Thursday, March 3, 2011

March - The Month of Faith

What can I say about faith and adventure that has not been said? Most likely nothing. But I believe that my understanding of faith is that it is hope with trust.  I was told that God asks only one thring of Him - TRUST HIM.  That's all. So, I decided that I would trust Him.  It seems that trust is a very good thing and that to trust someone is also a very, very good thing and that lack of trust is often at the root of my problems - lack of trust and lack of faith. 

10 years ago, I still had everything...a pretigious career, a life partner, a beautiful home, expensive car and lots of grown up toys...I did not have everything though.  I did not have trust in myself or anyone else.  I was loving but without trust.  Five years ago, I was sober...but I lacked faith. 

I had to lose everything tangible to find my faith.  I was in prison for 10 months and every day I woke up at 5:00 am and went out to the weight pile to lift weights and spend time with God where I could beg, beg Him for a miracle to send me home...to set me free. For over 5 months I prayed fervently to be set free and made many "fox hole" promises as I bargained for my independence.  Finally, a message came to me...

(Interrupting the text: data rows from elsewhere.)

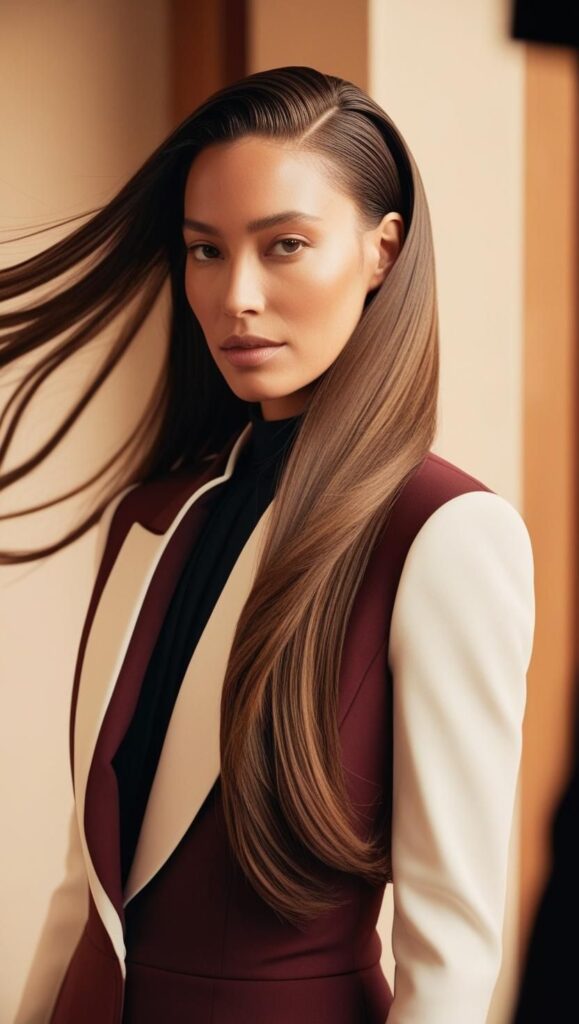 A person with long hair styled with a side part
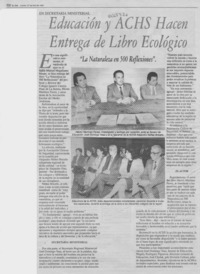 Educación y ACHS hacen entrega de libro ecológico  [artículo].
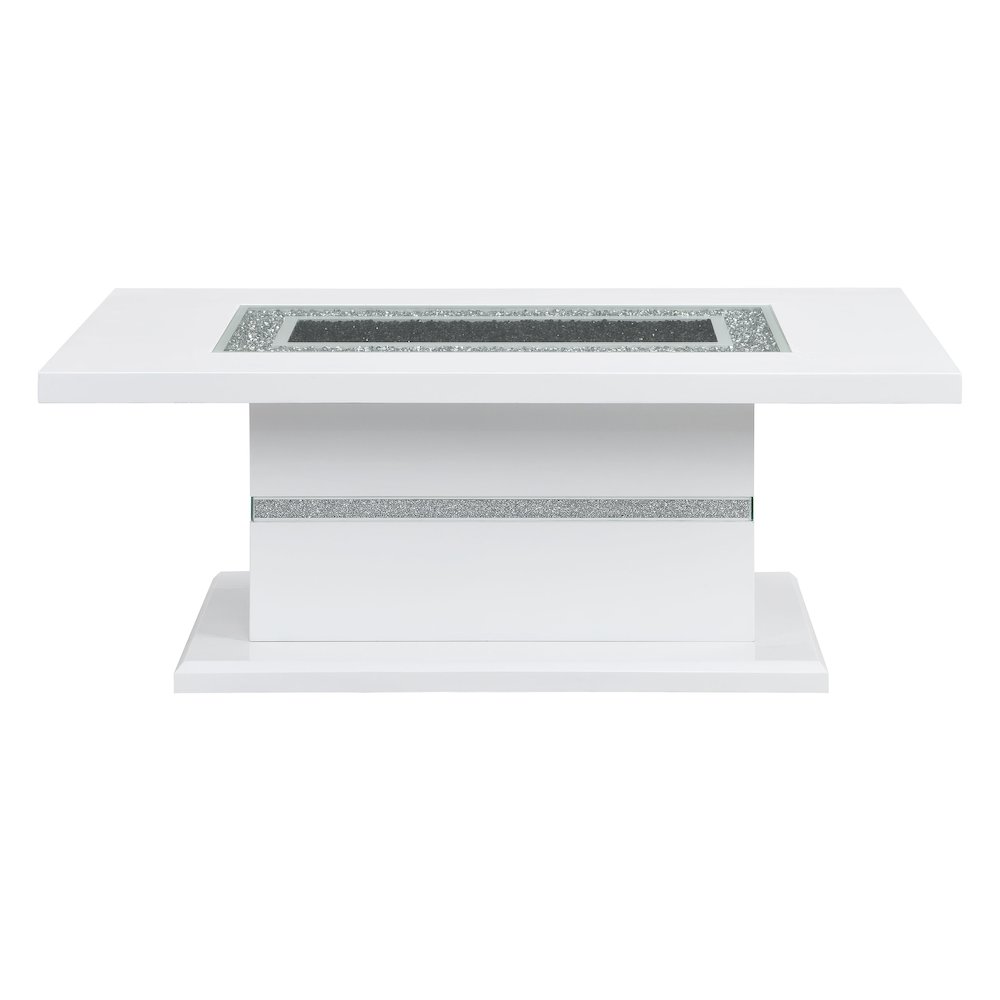 Contemporary Monaco White Coffee Table, White. Picture 1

A voice in my head came to me that did not seem to be mine and it said "Steve, do you want to know why I sent you here?  Do you really, really want to know why you have to be here?"  I answered that I did.  The voice replied "Because I am sick and tired of your doubt, your doubt in yourself and your doubt in Me!" I then heard "I am sick and tired of your lack of faith in yourself and in Me...so I decided to allow you to go to the worst place that you imagined so that you can live through the worst that you can imagine and prove to yourself who you are and that I will protect you and I will help you, not only survive this experience, but, if you choose, I will help you thrive!"  I will finally force you to confront the truth of who you are - you can rise or you can fall - I am here and the choice is yours." That was the message I received and so I decided, "OK. Let's do this." I stopped praying to be set free and started praying for God's will to be revealed - what an adventure this has become.